------ Data block ------

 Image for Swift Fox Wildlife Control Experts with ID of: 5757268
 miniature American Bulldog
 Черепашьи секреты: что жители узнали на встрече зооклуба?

------

__Problem to solve__:
Repeat all of the material above exactly, with no line dropped.

__Answer section__:
 Image for Swift Fox Wildlife Control Experts with ID of: 5757268
 miniature American Bulldog
 Черепашьи секреты: что жители узнали на встрече зооклуба?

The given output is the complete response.